» **What you are asked to do**
A word-for-word transcription of the whole listing is required.

» **Input for this task**
►

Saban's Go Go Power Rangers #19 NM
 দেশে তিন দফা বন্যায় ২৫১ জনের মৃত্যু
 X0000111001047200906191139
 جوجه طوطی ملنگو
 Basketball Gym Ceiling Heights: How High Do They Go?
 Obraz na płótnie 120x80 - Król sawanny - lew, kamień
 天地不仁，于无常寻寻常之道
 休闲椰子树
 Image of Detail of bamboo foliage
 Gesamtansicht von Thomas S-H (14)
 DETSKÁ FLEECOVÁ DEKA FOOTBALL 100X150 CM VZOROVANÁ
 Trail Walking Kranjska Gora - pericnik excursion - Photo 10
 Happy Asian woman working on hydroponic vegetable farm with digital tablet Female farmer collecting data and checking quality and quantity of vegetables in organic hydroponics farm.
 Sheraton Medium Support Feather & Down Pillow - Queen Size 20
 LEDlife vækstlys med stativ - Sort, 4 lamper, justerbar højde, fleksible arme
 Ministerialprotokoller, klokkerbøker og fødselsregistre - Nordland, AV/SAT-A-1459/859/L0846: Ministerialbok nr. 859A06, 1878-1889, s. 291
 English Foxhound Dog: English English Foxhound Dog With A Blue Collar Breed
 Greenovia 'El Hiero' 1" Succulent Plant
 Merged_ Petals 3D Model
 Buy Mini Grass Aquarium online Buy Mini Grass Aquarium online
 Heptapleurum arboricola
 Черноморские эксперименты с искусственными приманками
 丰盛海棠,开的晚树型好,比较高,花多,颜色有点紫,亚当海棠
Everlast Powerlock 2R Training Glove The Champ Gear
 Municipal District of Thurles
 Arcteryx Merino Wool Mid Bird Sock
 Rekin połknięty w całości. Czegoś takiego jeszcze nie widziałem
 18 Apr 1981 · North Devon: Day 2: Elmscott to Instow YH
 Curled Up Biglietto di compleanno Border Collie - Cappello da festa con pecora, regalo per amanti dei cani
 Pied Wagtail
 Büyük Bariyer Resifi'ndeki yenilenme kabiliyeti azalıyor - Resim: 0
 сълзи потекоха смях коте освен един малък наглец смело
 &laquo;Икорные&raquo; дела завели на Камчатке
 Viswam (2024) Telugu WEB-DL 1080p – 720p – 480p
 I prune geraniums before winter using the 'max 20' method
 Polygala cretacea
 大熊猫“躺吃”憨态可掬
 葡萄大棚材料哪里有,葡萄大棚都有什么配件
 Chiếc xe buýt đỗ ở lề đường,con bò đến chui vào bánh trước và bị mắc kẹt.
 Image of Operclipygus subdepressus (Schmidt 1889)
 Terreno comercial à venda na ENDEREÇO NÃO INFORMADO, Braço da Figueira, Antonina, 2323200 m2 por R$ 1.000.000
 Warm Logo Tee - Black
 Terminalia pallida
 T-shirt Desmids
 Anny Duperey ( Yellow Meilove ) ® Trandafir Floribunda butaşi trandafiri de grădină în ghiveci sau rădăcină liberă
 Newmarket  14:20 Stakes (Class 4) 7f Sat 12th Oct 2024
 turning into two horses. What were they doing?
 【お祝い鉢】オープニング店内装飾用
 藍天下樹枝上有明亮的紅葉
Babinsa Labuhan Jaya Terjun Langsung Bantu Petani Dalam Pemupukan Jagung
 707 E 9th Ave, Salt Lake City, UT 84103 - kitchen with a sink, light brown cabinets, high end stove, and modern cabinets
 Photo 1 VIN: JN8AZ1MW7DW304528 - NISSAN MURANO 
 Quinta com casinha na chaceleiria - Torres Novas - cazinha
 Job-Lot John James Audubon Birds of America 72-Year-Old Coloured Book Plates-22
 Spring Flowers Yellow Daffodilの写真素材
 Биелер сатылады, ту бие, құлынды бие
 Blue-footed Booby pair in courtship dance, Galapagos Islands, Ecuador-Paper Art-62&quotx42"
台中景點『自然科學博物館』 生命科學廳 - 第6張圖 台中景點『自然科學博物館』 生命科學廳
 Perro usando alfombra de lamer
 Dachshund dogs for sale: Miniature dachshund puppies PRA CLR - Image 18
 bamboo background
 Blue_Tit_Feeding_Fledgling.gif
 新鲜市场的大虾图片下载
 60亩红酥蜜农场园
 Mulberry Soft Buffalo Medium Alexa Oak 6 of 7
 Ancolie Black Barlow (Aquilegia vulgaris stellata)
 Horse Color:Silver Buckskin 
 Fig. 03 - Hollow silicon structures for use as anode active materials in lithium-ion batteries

◄

» **Written answer**
Saban's Go Go Power Rangers #19 NM
 দেশে তিন দফা বন্যায় ২৫১ জনের মৃত্যু
 X0000111001047200906191139
 جوجه طوطی ملنگو
 Basketball Gym Ceiling Heights: How High Do They Go?
 Obraz na płótnie 120x80 - Król sawanny - lew, kamień
 天地不仁，于无常寻寻常之道
 休闲椰子树
 Image of Detail of bamboo foliage
 Gesamtansicht von Thomas S-H (14)
 DETSKÁ FLEECOVÁ DEKA FOOTBALL 100X150 CM VZOROVANÁ
 Trail Walking Kranjska Gora - pericnik excursion - Photo 10
 Happy Asian woman working on hydroponic vegetable farm with digital tablet Female farmer collecting data and checking quality and quantity of vegetables in organic hydroponics farm.
 Sheraton Medium Support Feather & Down Pillow - Queen Size 20
 LEDlife vækstlys med stativ - Sort, 4 lamper, justerbar højde, fleksible arme
 Ministerialprotokoller, klokkerbøker og fødselsregistre - Nordland, AV/SAT-A-1459/859/L0846: Ministerialbok nr. 859A06, 1878-1889, s. 291
 English Foxhound Dog: English English Foxhound Dog With A Blue Collar Breed
 Greenovia 'El Hiero' 1" Succulent Plant
 Merged_ Petals 3D Model
 Buy Mini Grass Aquarium online Buy Mini Grass Aquarium online
 Heptapleurum arboricola
 Черноморские эксперименты с искусственными приманками
 丰盛海棠,开的晚树型好,比较高,花多,颜色有点紫,亚当海棠
Everlast Powerlock 2R Training Glove The Champ Gear
 Municipal District of Thurles
 Arcteryx Merino Wool Mid Bird Sock
 Rekin połknięty w całości. Czegoś takiego jeszcze nie widziałem
 18 Apr 1981 · North Devon: Day 2: Elmscott to Instow YH
 Curled Up Biglietto di compleanno Border Collie - Cappello da festa con pecora, regalo per amanti dei cani
 Pied Wagtail
 Büyük Bariyer Resifi'ndeki yenilenme kabiliyeti azalıyor - Resim: 0
 сълзи потекоха смях коте освен един малък наглец смело
 &laquo;Икорные&raquo; дела завели на Камчатке
 Viswam (2024) Telugu WEB-DL 1080p – 720p – 480p
 I prune geraniums before winter using the 'max 20' method
 Polygala cretacea
 大熊猫“躺吃”憨态可掬
 葡萄大棚材料哪里有,葡萄大棚都有什么配件
 Chiếc xe buýt đỗ ở lề đường,con bò đến chui vào bánh trước và bị mắc kẹt.
 Image of Operclipygus subdepressus (Schmidt 1889)
 Terreno comercial à venda na ENDEREÇO NÃO INFORMADO, Braço da Figueira, Antonina, 2323200 m2 por R$ 1.000.000
 Warm Logo Tee - Black
 Terminalia pallida
 T-shirt Desmids
 Anny Duperey ( Yellow Meilove ) ® Trandafir Floribunda butaşi trandafiri de grădină în ghiveci sau rădăcină liberă
 Newmarket  14:20 Stakes (Class 4) 7f Sat 12th Oct 2024
 turning into two horses. What were they doing?
 【お祝い鉢】オープニング店内装飾用
 藍天下樹枝上有明亮的紅葉
Babinsa Labuhan Jaya Terjun Langsung Bantu Petani Dalam Pemupukan Jagung
 707 E 9th Ave, Salt Lake City, UT 84103 - kitchen with a sink, light brown cabinets, high end stove, and modern cabinets
 Photo 1 VIN: JN8AZ1MW7DW304528 - NISSAN MURANO 
 Quinta com casinha na chaceleiria - Torres Novas - cazinha
 Job-Lot John James Audubon Birds of America 72-Year-Old Coloured Book Plates-22
 Spring Flowers Yellow Daffodilの写真素材
 Биелер сатылады, ту бие, құлынды бие
 Blue-footed Booby pair in courtship dance, Galapagos Islands, Ecuador-Paper Art-62&quotx42"
台中景點『自然科學博物館』 生命科學廳 - 第6張圖 台中景點『自然科學博物館』 生命科學廳
 Perro usando alfombra de lamer
 Dachshund dogs for sale: Miniature dachshund puppies PRA CLR - Image 18
 bamboo background
 Blue_Tit_Feeding_Fledgling.gif
 新鲜市场的大虾图片下载
 60亩红酥蜜农场园
 Mulberry Soft Buffalo Medium Alexa Oak 6 of 7
 Ancolie Black Barlow (Aquilegia vulgaris stellata)
 Horse Color:Silver Buckskin 
 Fig. 03 - Hollow silicon structures for use as anode active materials in lithium-ion batteries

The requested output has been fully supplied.